Originally Posted by Obscurit
I just came across a video by Pointy Hat on youtube with the same title. It also sums up the problems with Paladin in BG3 surprisingly well.

TLDW:
The alignment lock to LG for paladins makes all roleplay predictable and tedious. A lot of TT veterans don't play Paladin because of this. But 5e removed this restriction on purpose. What remains is just the Oath, so in essence if you believe in something hard enough, the belief itself grants you powers.


The way Paladin is implemented in BG3, we are going back in dnd-editions to the goody-two-shoes with no creative freedom on what the player might want for the Paladin to matter. So while the oath breaking after doing something "evil" is a creative, surprising way to discover that subclass, it takes the fun away from any non-Oathbreaker Paladin. On a side note here, I hope the 2000g to regain your powers is a placeholder for some minor quest. Otherwise that's a complete joke.

Someone even wrote on this forum they found it impossible to complete the EA without breaking their oath at least once. If you are in multiplayer and one of the players wants to roleplay a bit of evil or chaos into his character, the Paladin loses any chance he had to retain his oath because the party as a whole committed the act. Admittedly I have no immediate solution to this without oath breaker either becoming a regular subclass or an Easter egg most players will not find. But I am really hoping for some changes here, because I do not want every single Paladin me or my friends play to be an oath breaker.

Well, Pointy Hat is flat-out wrong.

The problem is not that the Paladin is limited. The problem is that you want to play a limited class in an unlimited way. So the problem is the player wanting the Paladin to be something that the Paladin isn't. The whole point of playing a paladin is to adhere to moral/spiritual principles no matter the cost. Yes that makes the Paladin predictable. It absolutely does NOT make it tedious, because adhering to your principles is pretty damn hard (both IRL and sometimes even in video games).
If you want to play a morally flexible character, literally play anything else, it's fine.
Some people think that a Paladin is a Paladin because he has a weapon but also has divine powers, but that is also a perfect description of the Cleric, the Ranger and the Druid as well.
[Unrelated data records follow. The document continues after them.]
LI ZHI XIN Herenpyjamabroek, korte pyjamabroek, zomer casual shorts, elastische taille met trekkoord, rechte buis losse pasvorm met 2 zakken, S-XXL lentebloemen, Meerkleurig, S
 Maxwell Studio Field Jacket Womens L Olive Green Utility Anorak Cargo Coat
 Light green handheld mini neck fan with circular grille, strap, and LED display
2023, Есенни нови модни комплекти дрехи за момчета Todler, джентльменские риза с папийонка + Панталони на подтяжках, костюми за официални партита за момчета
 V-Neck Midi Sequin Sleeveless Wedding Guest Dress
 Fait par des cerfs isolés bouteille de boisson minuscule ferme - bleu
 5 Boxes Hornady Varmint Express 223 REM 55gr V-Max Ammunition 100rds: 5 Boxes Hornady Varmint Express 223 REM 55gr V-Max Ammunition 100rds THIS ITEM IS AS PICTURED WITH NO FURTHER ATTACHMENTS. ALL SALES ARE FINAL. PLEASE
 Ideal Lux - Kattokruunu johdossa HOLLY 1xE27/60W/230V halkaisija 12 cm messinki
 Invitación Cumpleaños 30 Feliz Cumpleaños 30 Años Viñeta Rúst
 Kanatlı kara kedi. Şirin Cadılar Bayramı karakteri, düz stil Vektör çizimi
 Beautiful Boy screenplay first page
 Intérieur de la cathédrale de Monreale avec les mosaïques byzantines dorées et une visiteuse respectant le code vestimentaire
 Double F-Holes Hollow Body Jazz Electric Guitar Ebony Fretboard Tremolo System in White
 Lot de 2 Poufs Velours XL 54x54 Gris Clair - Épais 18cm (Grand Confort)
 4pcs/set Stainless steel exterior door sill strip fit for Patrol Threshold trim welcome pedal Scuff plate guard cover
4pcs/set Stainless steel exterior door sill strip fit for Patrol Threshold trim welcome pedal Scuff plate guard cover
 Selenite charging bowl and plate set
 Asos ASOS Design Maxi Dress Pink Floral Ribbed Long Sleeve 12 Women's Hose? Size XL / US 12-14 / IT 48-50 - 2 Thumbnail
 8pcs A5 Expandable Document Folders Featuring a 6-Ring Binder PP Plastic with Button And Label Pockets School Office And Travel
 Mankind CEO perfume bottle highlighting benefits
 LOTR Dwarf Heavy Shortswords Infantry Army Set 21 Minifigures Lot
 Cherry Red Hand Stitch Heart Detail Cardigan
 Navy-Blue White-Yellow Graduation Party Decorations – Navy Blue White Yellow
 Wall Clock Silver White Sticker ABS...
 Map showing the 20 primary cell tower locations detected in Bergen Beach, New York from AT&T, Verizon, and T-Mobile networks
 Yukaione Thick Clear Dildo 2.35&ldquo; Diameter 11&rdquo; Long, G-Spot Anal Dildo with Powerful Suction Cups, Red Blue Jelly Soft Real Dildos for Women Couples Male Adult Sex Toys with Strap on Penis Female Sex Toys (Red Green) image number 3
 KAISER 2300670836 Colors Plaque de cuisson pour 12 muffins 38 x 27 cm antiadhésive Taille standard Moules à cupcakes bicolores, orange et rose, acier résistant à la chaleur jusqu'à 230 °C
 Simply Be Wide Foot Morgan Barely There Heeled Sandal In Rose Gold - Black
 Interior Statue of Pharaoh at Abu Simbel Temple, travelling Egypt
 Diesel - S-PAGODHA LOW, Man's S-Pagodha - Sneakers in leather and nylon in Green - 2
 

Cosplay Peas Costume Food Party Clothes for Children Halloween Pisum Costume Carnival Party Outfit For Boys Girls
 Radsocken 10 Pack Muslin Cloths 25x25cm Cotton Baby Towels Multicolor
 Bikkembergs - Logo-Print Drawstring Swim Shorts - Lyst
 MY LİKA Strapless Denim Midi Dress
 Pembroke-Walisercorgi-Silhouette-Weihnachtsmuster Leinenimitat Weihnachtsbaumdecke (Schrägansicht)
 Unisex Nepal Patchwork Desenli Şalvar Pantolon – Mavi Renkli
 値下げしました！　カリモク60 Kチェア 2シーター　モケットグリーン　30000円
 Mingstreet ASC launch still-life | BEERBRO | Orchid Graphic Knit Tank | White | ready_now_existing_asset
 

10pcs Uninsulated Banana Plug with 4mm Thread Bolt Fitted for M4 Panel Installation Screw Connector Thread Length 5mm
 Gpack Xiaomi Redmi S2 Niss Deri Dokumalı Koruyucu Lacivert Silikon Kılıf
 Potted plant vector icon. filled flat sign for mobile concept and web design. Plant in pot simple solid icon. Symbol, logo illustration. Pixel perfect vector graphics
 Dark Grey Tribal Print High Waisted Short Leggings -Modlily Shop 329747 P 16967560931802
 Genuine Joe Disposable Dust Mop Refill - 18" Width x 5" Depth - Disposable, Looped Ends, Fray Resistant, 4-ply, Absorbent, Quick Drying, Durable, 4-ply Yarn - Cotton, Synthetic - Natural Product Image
So what I came to think about is this: What sets the Paladin apart from all other classes? And you must NOT think in terms of game mechanics, you have to go deeper, you must understand what a Paladin is as a concept. And a Paladin is a knight or warrior who serves a deity or a cause, and is proactively looking to enforce the principles of his deity or cause upon reality.
Now this presents game developers with a challange: There are hundreds of gods in D&D, and they all have different principles and outlooks. So the "solution" to that is the Oath system that allows broader categories of Paladins to exist without having to take all those deities into account. The problem with that is that in BG3 it totally kills the class for some people (me included).

I simply am not going to play an atheist Paladin or a Paladin that can't even select a deity at character creation. Nor am I going to be satisfied with a Paladin that has no dialogue options reflecting his choice of deity.
I think the solution would be to limit paladins to a select few deities and give them a lot of detail in terms of roleplay.
Of course this will NOT happen, because the Oath System is an integral part of 5E, but it totally kills the roleplay aspect of the class, UNLESS you are into atheistic paladins.